Raging Bull tells the story of Jake LaMotta (played by Robert De Niro) a professional boxer known as ‘the Raging Bull,’ who, in his desperation to become a champion, becomes self-destructive and harmful to others. His brother and manager – Joey (played by Joe Pesci) – tries to rein in his aggressive brother, but fails to do so. Instead, he brings him closer to Jake’s second wife – Vickie (played by Cathy Moriarty) – who becomes the victim of spousal abuse and jealousy.
“That the thing ain’t the ring, it’s the play. So give me a stage. Where this bull here can rage. And though I could fight, I’d much rather recite… That’s entertainment.”
Raging Bull falls under the category of ‘classic films so renowned and praised that everything I can say has surely been said before,’ but I’m still going to be describing my experience watching the film like I would with any other film. Really, the first thing that comes to mind is that it’s a very different boxing movie. If you look at any film as a painting, then one could easily say that boxing is just this film’s frame and the canvas, or paper, itself is masterfully filled with elements that help make Raging Bull stand out.

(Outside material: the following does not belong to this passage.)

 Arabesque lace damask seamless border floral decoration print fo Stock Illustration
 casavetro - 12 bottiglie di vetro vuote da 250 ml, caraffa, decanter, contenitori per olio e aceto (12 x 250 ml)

After having seen Raging Bull, I’m not so sure what De Niro performance is his best anymore. For years, I’ve been championing his performance in Taxi Driver, but his performance as Jake LaMotta is just as good as his performance as Travis Bickle – if not better. However, I don’t think I’ve ever seen Joe Pesci better. Pesci is great in Goodfellas as Tommy DeVito (a performance that earned him an Academy Award), but something about his performance here, as Joey LaMotta, really got to me. Cathy Moriarty also gives a really solid performance in the film, which apparently was her debut film performance.
Raging Bull is also supremely well-made, well-shot, and well-edited. No scenes make that more apparent than the scenes within the ring. While all of the fights are extremely violent, there is this one fight that is absolutely breathtaking. It is edited and shot to feel like a nightmare. The lighting in the scene also helps make it the most memorable sequence in the film. As Sugar Ray Robinson gets ready for one final attack on Jake, the film builds anticipation with excellent filmmaking. A stunning sequence of shots. As Jake does his best to stay on the ropes and on his feet, you – as a viewer – are split. You both want him to overcome the attack and you want him to succumb to the pain – to accept the full power of a loss.
Raging Bull is a tragedy about a tired boxer with a Madonna-whore complex, who loses drive and ambition along his career thus leaving him in a devastatingly depressing state at the end of the film. It does feature sequences within the ring where he exorcises his demons, but his real fights take place outside of it as he tries to dominate by strong-arming his environment, his brother, and his wives. The film excels both inside and out of the boxing ring. Raging Bull is undoubtedly a masterpiece. It is a flawless film with palpable violence, utterly convincing acting, and then-state of the art filmmaking.